Con-templating the future

Private equity firms in the UK were dealt a blow when the country’s regulator said they would have to use a standardized template to report their fees and charges to investors like other asset managers. That template, however, is not yet in place; a working group appointed by the Financial Conduct Authority will be responsible for drafting it and industry bodies including the British Venture Capital Association are expected to be involved.

The reform is part of a transparency drive triggered by the FCA’s two-year review of the asset management industry. Alternative assets were initially excluded from its scope, but retail managers complained the sector was “particularly opaque.”

One size fits all?
In essence, a version of the Institutional Limited Partner Association’s template on fees and expenses will be made compulsory. It makes sense on paper; a template allows general partners grappling with reporting requirements to plug numbers into specified categories and produces an investor report that presents an extensive range of data in a known format.
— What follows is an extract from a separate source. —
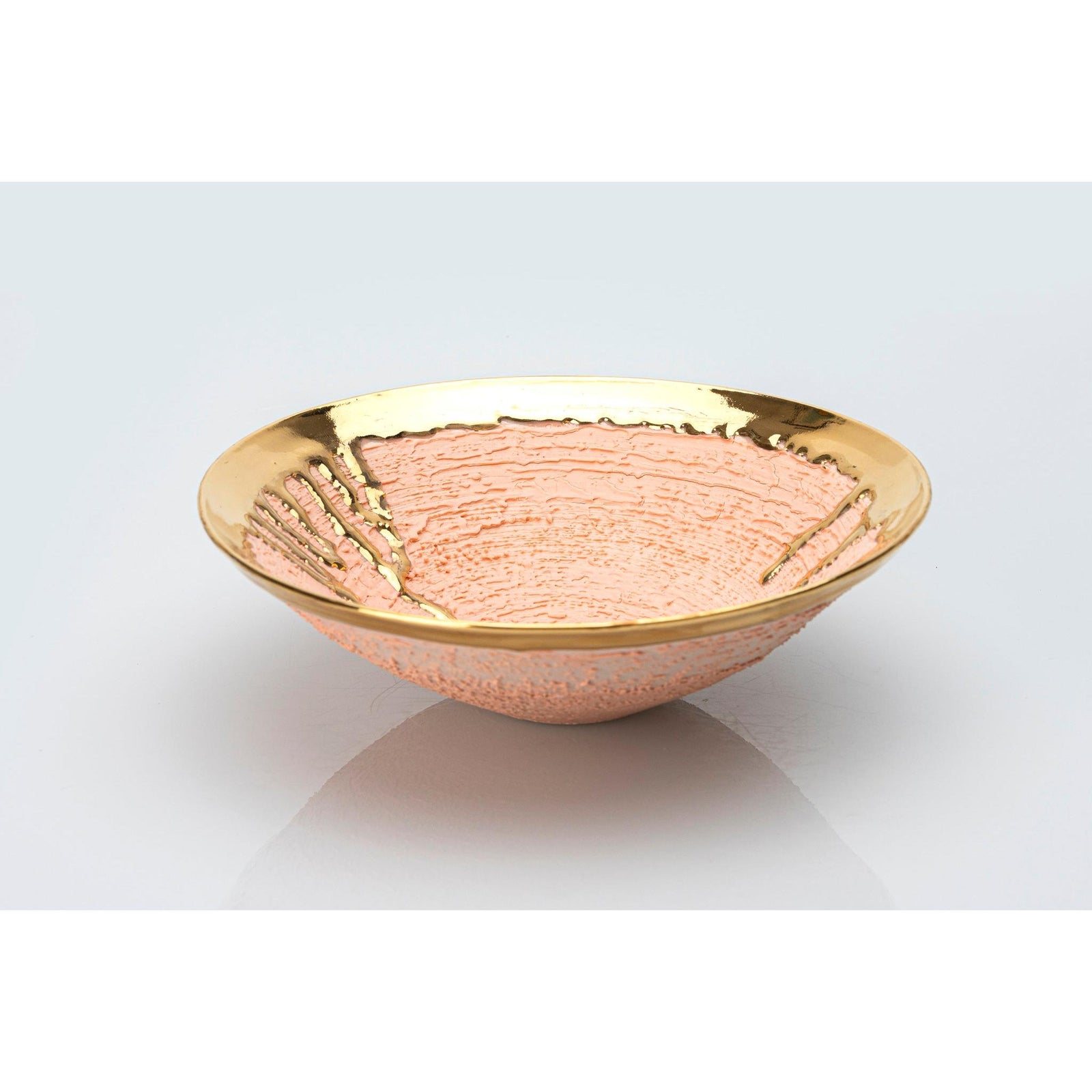 AMC208 Peach Fuzz Textured dish with Gold Lustre by Alex McCarthy available at Padstow Gallery, Cornwall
But ILPA’s template, issued in 2016, has gained limited traction. Just 12 percent of delegates polled at this year’s Private Equity International CFOs & CCOs forum said they had adopted it, with more than one-third saying they have no plans to do so. Others are using aspects of the template, but adapting it to their own specifications.

Uptake has been limited by a number of factors. For smaller firms, implementing the template is just too big a task. Other fund managers say investor demand for data is so individual it is difficult to standardize. Some investors even require more data than the template, and in their own formats.

As one lawyer pointed out, it’s important to strike the right balance between complexity and transparency when it comes to reporting; a GP shouldn’t have to spend time preparing reams of data for an LP that neither understands or requires it.

But GPs do believe the template has at least provided a benchmark for transparency, and this is at the heart of what the FCA is trying to achieve with its new regulation.

UK firms should learn from the experience of their US peers, and use this knowledge to their advantage. They may not be able to escape this regulatory requirement, but they will have a chance to shape its outcome. That is not an opportunity they should pass up.